Bernard P. Provencher LeVautour said...

Those are all great examples. That's definitely along the lines of what I'm talking about.

(just a point of confusion/ correction... Christian is the last commentor who posted under the name "Dyer" that posted the link asserting that post.mod is dead... not the author of this blog. Is "post.mod is dead" the way of thinking you're coming around to, or the critical stance in the original blog-post?)

Anonymous said...

Yes sorry I meant I've come round to the blog writers view that Gaga is different. And of course Post-modernism may be dead as the dominant philosophical and cultural force, and yet still be relevant in this context. What I would like to know is where is this heading? What if anything is the plan? The stated aim 'changing pop culture one sequin at a time' suggests an attempt to make the art-fashion collective the dominant force in pop culture. How far could this succeed? Is it bound to end in audience alienation, corporate co-option etc.? Is Gaga to be a victim of her own construct? Gaga seems to be taking over, Stefani a thing of the past. Gaga is not, it would seem a Borat or a Bruno, that is easily shed. She seems to have said 'Gaga shall be the meaning of my life'.

Bernard P. Provencher LeVautour said...

EXACTLY.

I think you hit the nail on the head about the relevance of post-modernism (or whatever comes next, which I'm very leery about jumping on Kirby's "pseudo-modernism" bandwagon from the linked article) in ART and IDEAS(as OPPOSED to pop-culture, and the interesting ways that those things are now becoming intersected.... as I was trying to scratch the surface of with the GaGa piece...)

I plan to continue to address my thoughts on this in the next couple of entries, so please stay tuned and keep weighing in.

As for what the end-game is... I tend to think that for GaGa (and allot of other hybrid-conceptualists) the point being made by way of the construction may very well BE the end-game... and the further they go to become the concept they're intending to express, the more thoroughly the point is made (whether or not anyone is paying attention... which could be part of the point itself.

Anonymous said...

Yes one can perhaps argue that a lot of the most interesting artistic outcomes are a result of the ‘intersections’ of various movements and contexts. I was forcefully reminded recently just how peculiar a mix T.S Eliot was i.e. the quintessential modern poet of the 20th Century, who was also an Anglo-Catholic royalist! But then again a devotee of all things modern like the Futurist Marinetti, couldn’t have written an hymn to alienation like ‘The Wasteland’, and of course ironically it is perhaps alienation from the modern that is modernism defining characteristic.

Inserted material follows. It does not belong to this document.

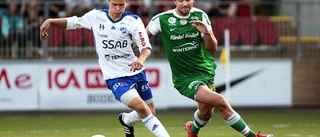 Ingen derbyvinnare nu heller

The other aspect of the GaGa construct that I find interesting is that it appears to be two constructs not one. Have you noticed the solo acoustic versions of most of the key songs from ‘The Fame’? What a difference! A more elegantly dressed version of GaGa pounds out a musical tour de force more reminiscent of ‘Caberet’ than ‘Disco Inferno’. This brings admiring plaudits from the likes of BBC Breakfast’s starchy middle England presenters – ‘much better, shows off your musicality’, ‘oh you write your own songs’, ‘you’ve played the piano since you were four’ etc. Does this alternative identity fit with your analysis, or is it something else entirely different?

Bernard P. Provencher LeVautour said...

The T.S. Eliot comparison is an interesting one that I hadn't thought of. I definitely do tend to think that, in general, we are in that sort of crux/ transition period... where, if this is still the "post-modern-era," whatever comes from it will be labeled "late-post-mod" or "pre-{whatever's next}" or something... and that the products of this time-period (or at least a very select and deliberate subset of them) will be considered to be the catalysts for the changing-of-the-gaurd...

I haven't seen the acoustic versions. I'll have to check that out, thanks.

By a blind guess, I would venture to say... those sets could be part of the jest, a bit of a toying with her own identity construction... a rub in the nose of the people who STILL won't take her seriously as an artist, merely BECAUSE of the "pop-star" identity that she's created...

I think she's taunting us to catch her in her stunt.